Comment by throwitaway1123 3 days ago

8 replies

Using a list combined with the walrus operator is a clever hack, but it's nice to not be limited to expressions. In JS you can define the equivalent of a multi-line lambda function with any number of statements (which is helpful when you're passing a function as a callback e.g. in a React hook).

skeledrew 2 days ago

It may be nice in the moment, but there's usually regret a few weeks/months down the line when trying to read that code, or angst for the next developer. There isn't that much more effort to just create a normal def to hold that increase in complexity suggested by the need for multiple statements. That's why functions were invented in the first place.

  • throwitaway1123 2 days ago

    If a callback function gets really unwieldy then you should probably extract it from the call site and define it elsewhere, but that should happen because you decided to, not because the language's limitations coerced you into doing it. The lambda restrictions in Python are probably due to the complexities of parsing indentation based languages, and the clean code argument is just a helpful rationalization. I've never woken up in angst over the fact that I wrote a callback function with two statements in it.

    • skeledrew 2 days ago

      There may be a few restrictions due to complexity, but lambdas isn't one. This is about decent and sane design choice[0] for readability.

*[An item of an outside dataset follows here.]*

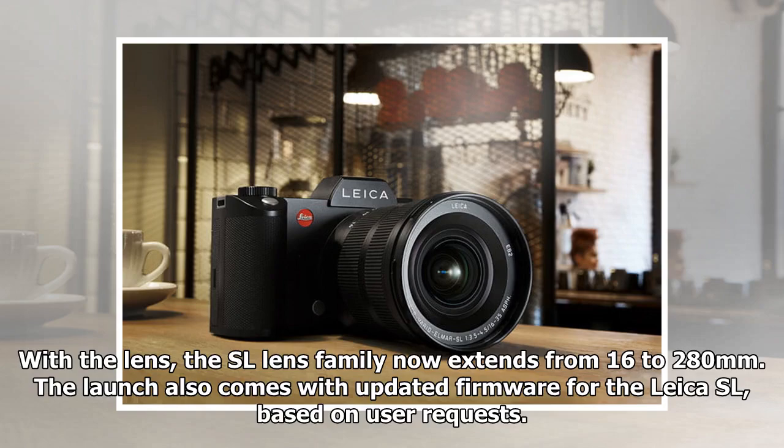With the lens, the SL lens family now extends from 16-280mm. The launch also comes with updated firmware for the Leica SL, based on user requests.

      [0] https://www.artima.com/weblogs/viewpost.jsp?thread=147358

      • throwitaway1123 2 days ago

        From the blog post you linked: "But the complexity of any proposed solution for this puzzle is immense, to me: it requires the parser (or more precisely, the lexer) to be able to switch back and forth between indent-sensitive and indent-insensitive modes, keeping a stack of previous modes and indentation level."

        He's saying exactly what I said: that parsing (or more precisely lexing) makes the problem complex, because Python uses indentation semantically. He then rationalizes avoiding the implementation complexity with a gut feeling: "But none of that takes away my gut feeling".